We think you need these skills to ace Lead Data Engineer London
Some tips for your application 🫡
Show Off Your Projects:In the world of data science, your projects can speak volumes about your skills. Make sure to showcase a few key projects in your CV or portfolio, especially those that highlight your ability to work with data sets, build models, or use relevant tools like Python, R, or SQL. Don’t forget to include links to any GitHub repositories if applicable!
Quantify Your Achievements:Employers love numbers! When drafting your CV, highlight your achievements with quantifiable results. For instance, mention how your data analysis led to a certain percentage increase in efficiency or revenue at a previous job or project. These details can really make your application pop!
Craft a Tailored Cover Letter:For a full-time role at Liberis Limited, your cover letter should reflect your passion for data science and your excitement about the specific projects or values of the company. Dive into why you’re a good fit, how your skills align with their needs, and any unique perspectives you can bring to the team.
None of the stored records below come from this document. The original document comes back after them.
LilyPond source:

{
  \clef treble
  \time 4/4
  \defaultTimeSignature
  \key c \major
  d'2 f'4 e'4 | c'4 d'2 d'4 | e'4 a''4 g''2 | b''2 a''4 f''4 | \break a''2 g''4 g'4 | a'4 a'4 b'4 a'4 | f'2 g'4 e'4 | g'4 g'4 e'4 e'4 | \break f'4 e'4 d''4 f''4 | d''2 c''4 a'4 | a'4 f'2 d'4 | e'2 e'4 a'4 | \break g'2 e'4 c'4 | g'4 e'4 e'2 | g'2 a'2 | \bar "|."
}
Stand Out with Relevant Courses and Certifications:Although experience talks, relevant courses or certifications can be your ticket to impressing hiring managers at Liberis Limited. Mention any standout courses you've completed that equipped you with essential skills, such as machine learning certifications or data visualisation courses. This shows your commitment to continuously developing your skills in the field!
How to prepare for a job interview at Liberis Limited
✨Brush Up on Your Statistics
For a data science role, we need to seriously sharpen our statistics skills. Get ready to tackle technical questions on probability distributions, hypothesis testing, and regression analysis. These are often the bread and butter of data science interviews, so don't just skim over them!
✨Showcase Your Projects
Prepare a killer portfolio showcasing your data science projects. We should include details about the datasets used, the tools and techniques applied, and the impact of your findings. If we can walk them through a particularly challenging project or a cool visualisation that had real-world implications, it’ll really make us stand out!
✨Get Comfortable with Python and R
Most data science positions require us to be proficient in programming languages like Python and R. We should practice common libraries like pandas, NumPy, and scikit-learn, and be ready for live coding exercises or algorithm questions. Showing off our coding chops can really impress the interviewers at Liberis Limited!
✨Prepare for Case Studies
Expect to encounter real-world case studies during the interview. We might be asked how we’d approach a data problem or analyse a dataset to extract insights. It's essential to think out loud and demonstrate our problem-solving process so that the interviewer can see our logical thinking in action.